Anselm lived 1033-1109, before some of the unfortunate incidents in mediaeval theology that started the now-accepted separation between intellect and belief. A few decades later, this marriage of faith and reason — of faith seeking reason — would still be visible in William of St Thierry (1085-1148), who turned up in my Lenten reading this year (The Cistercian World: Monastic Writings of the Twelfth Century, ed. and trans. P. Matarasso):

It is not reason … that leads faith to understanding; rather, through faith it looks for understanding from above, even from you, the Father of lights from whom comes every good and perfect gift. This is not that understanding which is acquired by the exercise of reason, or results from intellectual processes: it is drawn in response to faith from the throne of your greatness and formed by your wisdom. In all things like its source, on entering the mind of the believer it embraces reason and conforms it to itself, while faith is quickened and enlightened by it. (Meditation II, p. 113 in English)
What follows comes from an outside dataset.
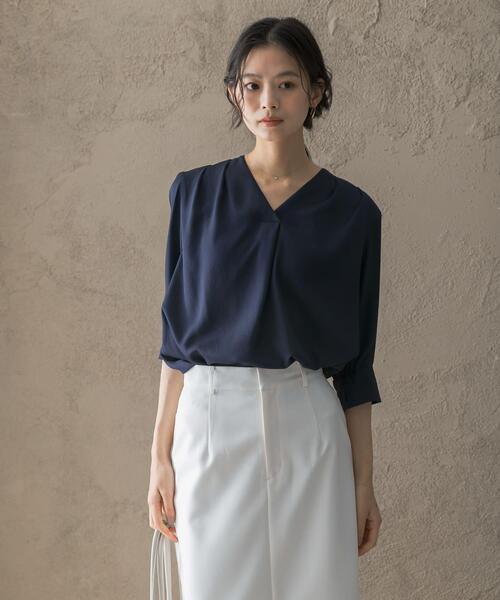 URBAN RESEARCH ROSSO WOMEN(アーバンリサーチ ロッソ)の「シルキーツイルVネックブラウス(シャツ/ブラウス・レディース・ミント/オフホワイト/ネイビー・FREE)」の17枚目の写真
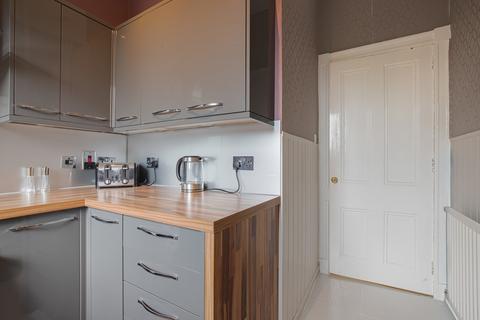 2 bedroom flat to rent, Whitehall Place, Aberdeen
William’s context is also the apprehension of God. He is discussing contemplation and the feeble attempts of his own mind in seeking the face of God — how dark it seems, how far he feels from God, how much like a beginner at all times, how difficult the ascent, how quickly any illumination seems to fade away. How like the experience of us all.

Reason is all well and good.

But how can we attain to understanding of the Divine Person(s) with our frail, human reason — itself clouded by sins and weaknesses and mistakes?

Credo ut intelligam is not a rejection of reason. It is not an abandonment of all rational attempts to consider the Triune God. It is, rather, an admission that rational intellect alone cannot attain to the understanding of Someone Who is simultaneously beyond all of this and nearer to us than our own breath — the Creator of quarks and quasars and the cosmos, the One Who Is Three but One (William in particular admits to his difficulties with properly thinking about the Trinity), the God Who became a Man.

How could understanding God ever precede believing in Him?

Indeed, what these three men — mystics and theologians, all — demonstrate to us is that, even once we believe, still do we struggle to understand.

Let us be of good cheer, then, as we trust in our God Who loves us and made us and remakes us.

5 thoughts on “Belief and understanding: Anselm, Augustine, William of St Thierry — and YOU

    • Well, that looks like it’s the way ecumenical conversation should happen — taking each other at face value and finding actual agreement instead of watered-down compromise or statements that avoid anything controversial. Maybe something beautiful will come of it in the future!

      Re apologetics — an important but dangerous job, eh?! I liked something I read somewhere once, that our doctrine of the Trinity is NOT God. No matter how well we might be able to express the logic of homoousion theology, God will still remain an unutterable, sublime mystery.